Supplied entries section start

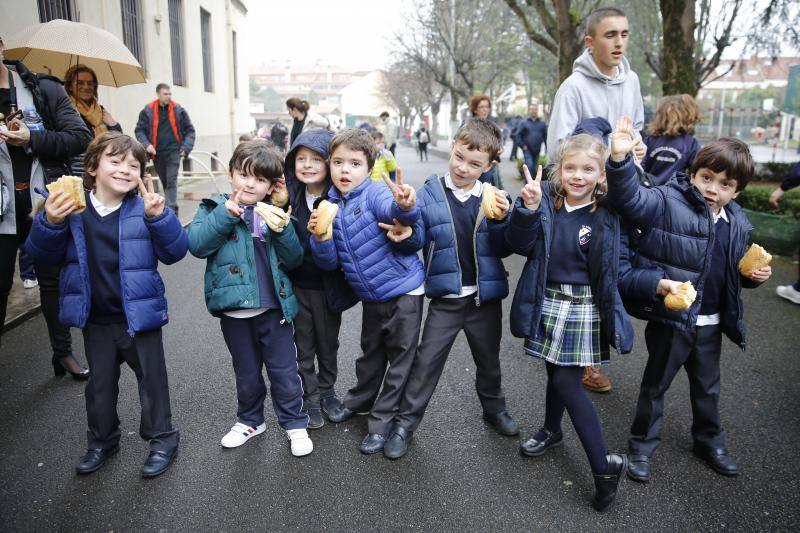 La comunidad educativa del colegio de la Asunción celebró una nueva convocatoria del día del bocata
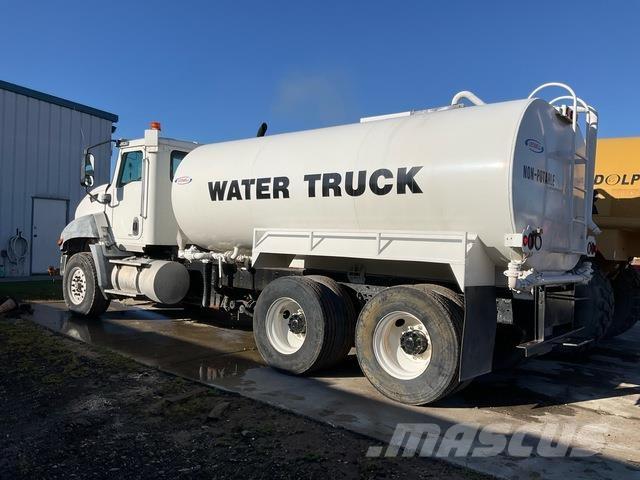 CAT CT660S Wassertanker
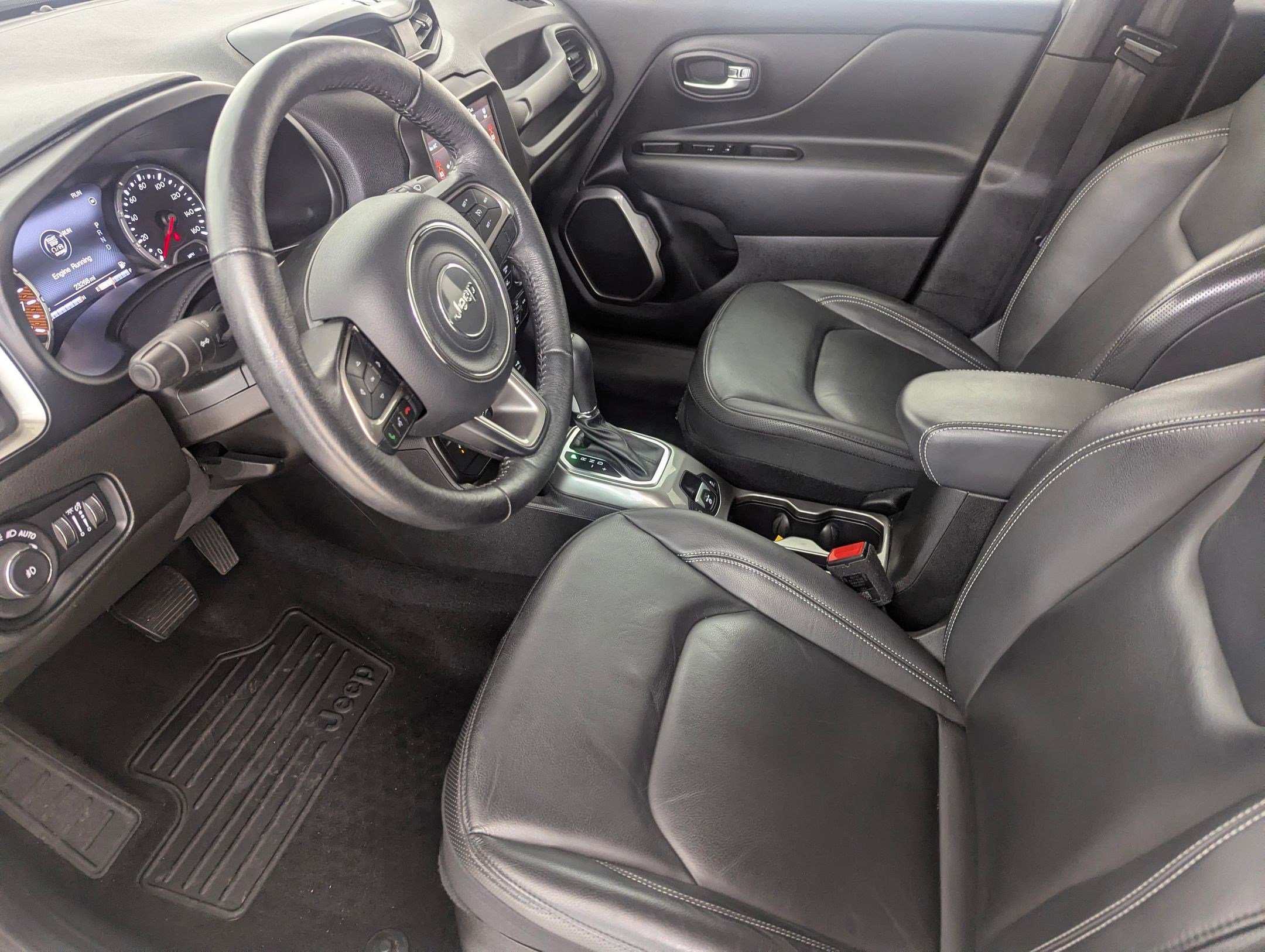 Used 2022 Jeep Renegade Limited image 4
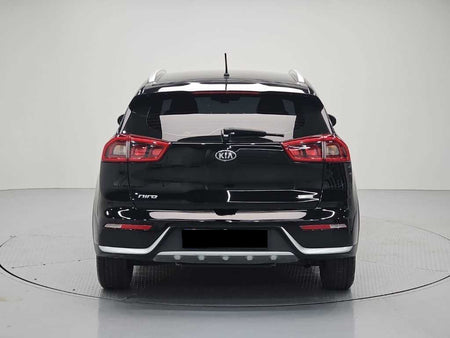 Kia Niro — photo 03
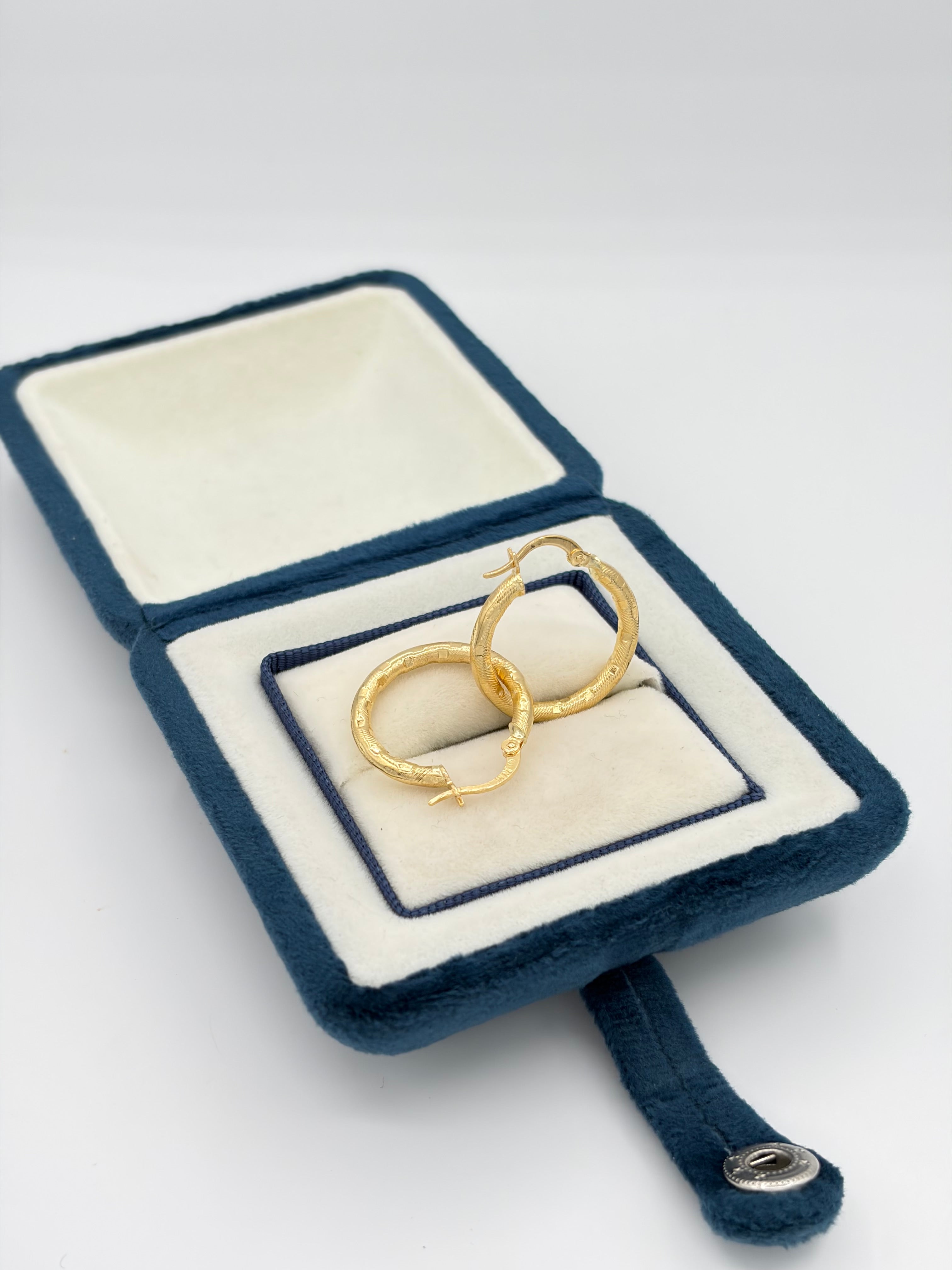 Candonga Semi rayadas con cuadros  Oro amarillo 18k 1,92 Gr / 2 Cm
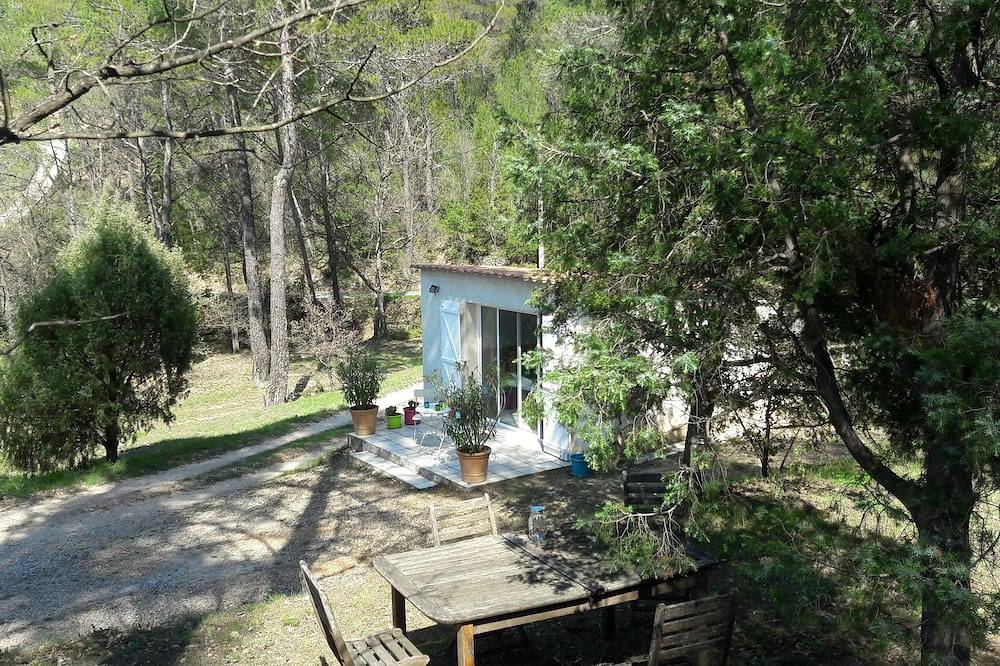 In the heart of nature, a welcoming nest with swimming pool to recharge your batteries in Barjols, Brignoles region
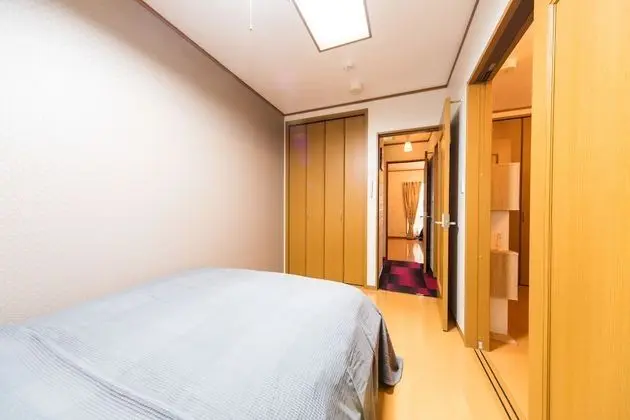 Ev (Private Vacation)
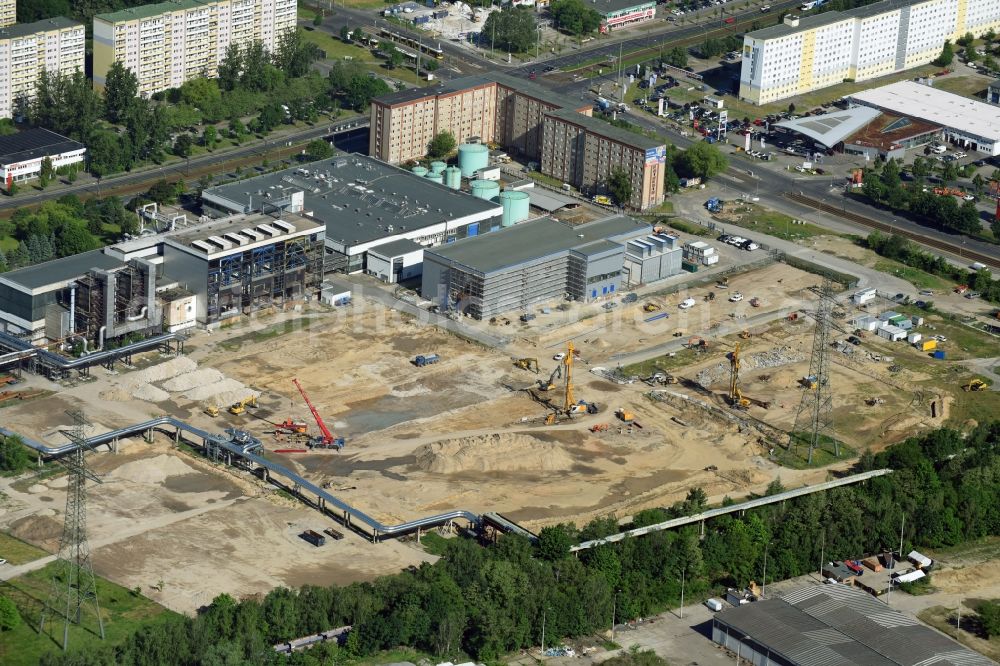 Aerial image Berlin - Construction site of power plants and exhaust towers of thermal power station - Kraft-Waerme-Kopplungsanlage on Rhinstrasse in the district Marzahn in Berlin, Germany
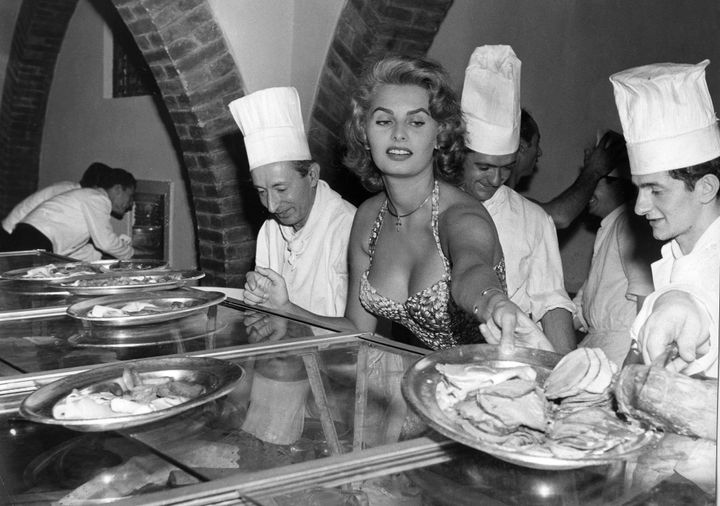 Η λαμπερή Σοφία Λόρεν σε εστιατόριο της Βενετίας, το 1955.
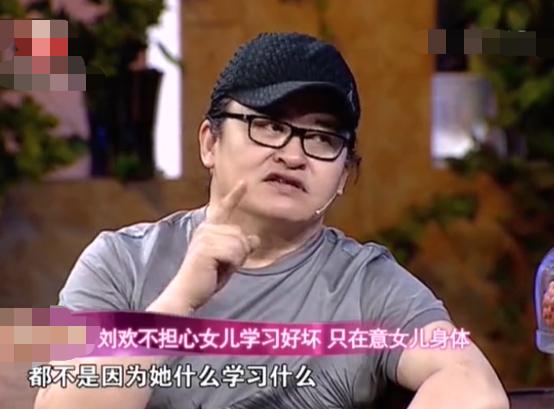 58岁刘欢酒局聚餐被偷拍!脸颊圆润身材壮,戴60元帽子太接地气 58岁刘欢酒局聚餐被偷拍!脸颊圆润身材壮,戴60元帽子太接地气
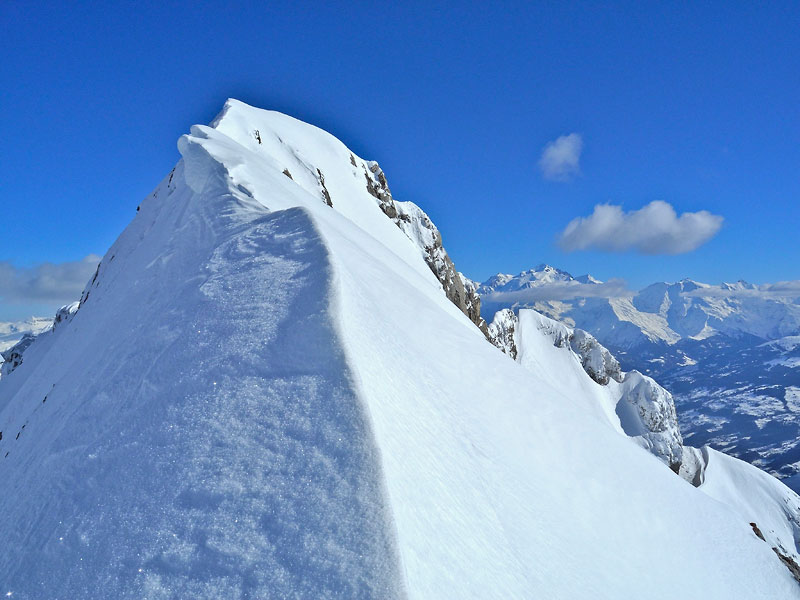 Sommet : L'arête finale non tracée.....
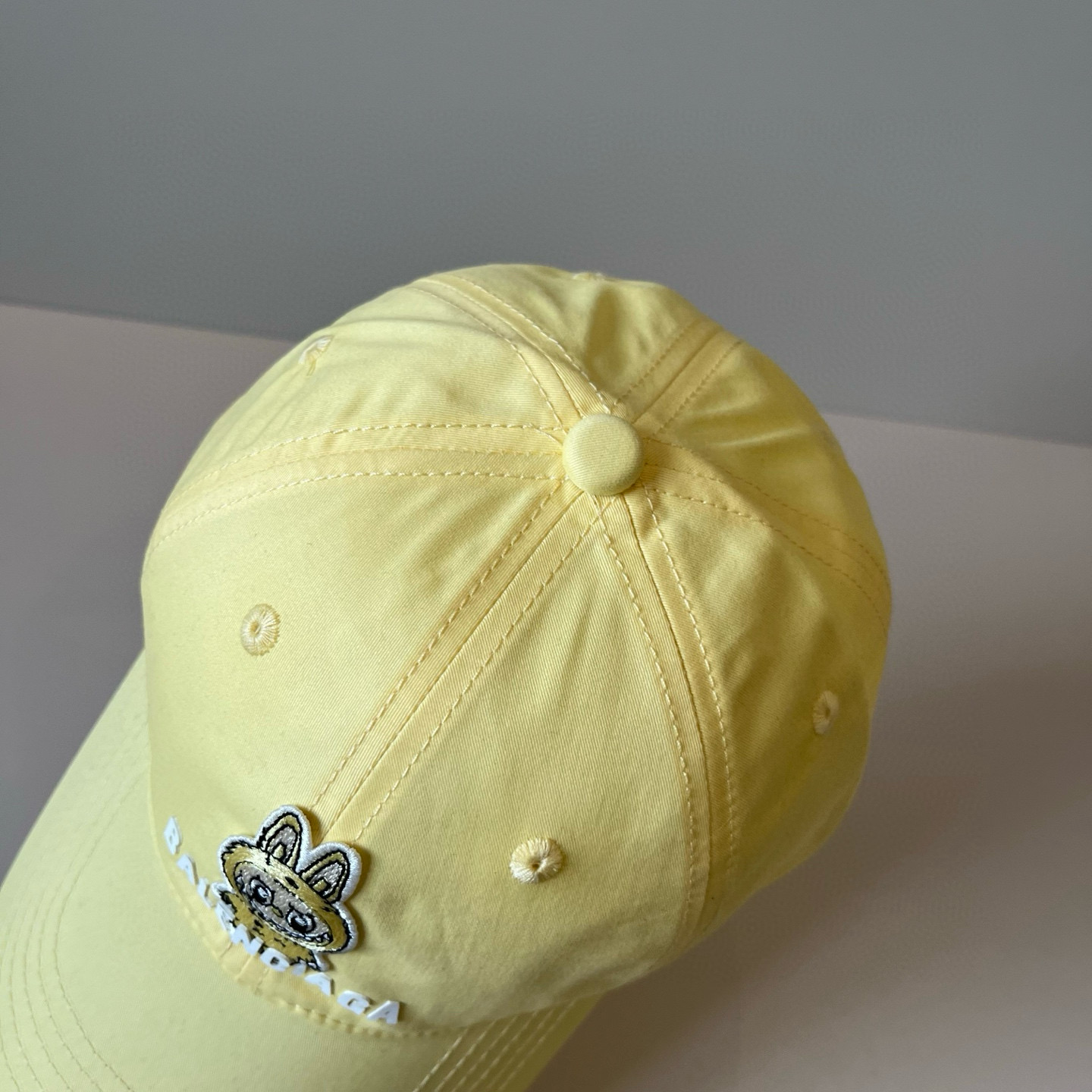  BALENCIAGA巴黎世家新款logo棒球帽，很酷的色系，男女佩戴都有不同style，第一批抢先出货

Supplied entries section end

--- Exercise description ---
Set down exactly, line for line, the data from the line that contains "Ev (Private Vacation)" through its last line, keeping pictures out.

--- Solution to this task ---
 Ev (Private Vacation)
 Aerial image Berlin - Construction site of power plants and exhaust towers of thermal power station - Kraft-Waerme-Kopplungsanlage on Rhinstrasse in the district Marzahn in Berlin, Germany
 Η λαμπερή Σοφία Λόρεν σε εστιατόριο της Βενετίας, το 1955.
 58岁刘欢酒局聚餐被偷拍!脸颊圆润身材壮,戴60元帽子太接地气 58岁刘欢酒局聚餐被偷拍!脸颊圆润身材壮,戴60元帽子太接地气
 Sommet : L'arête finale non tracée.....
  BALENCIAGA巴黎世家新款logo棒球帽，很酷的色系，男女佩戴都有不同style，第一批抢先出货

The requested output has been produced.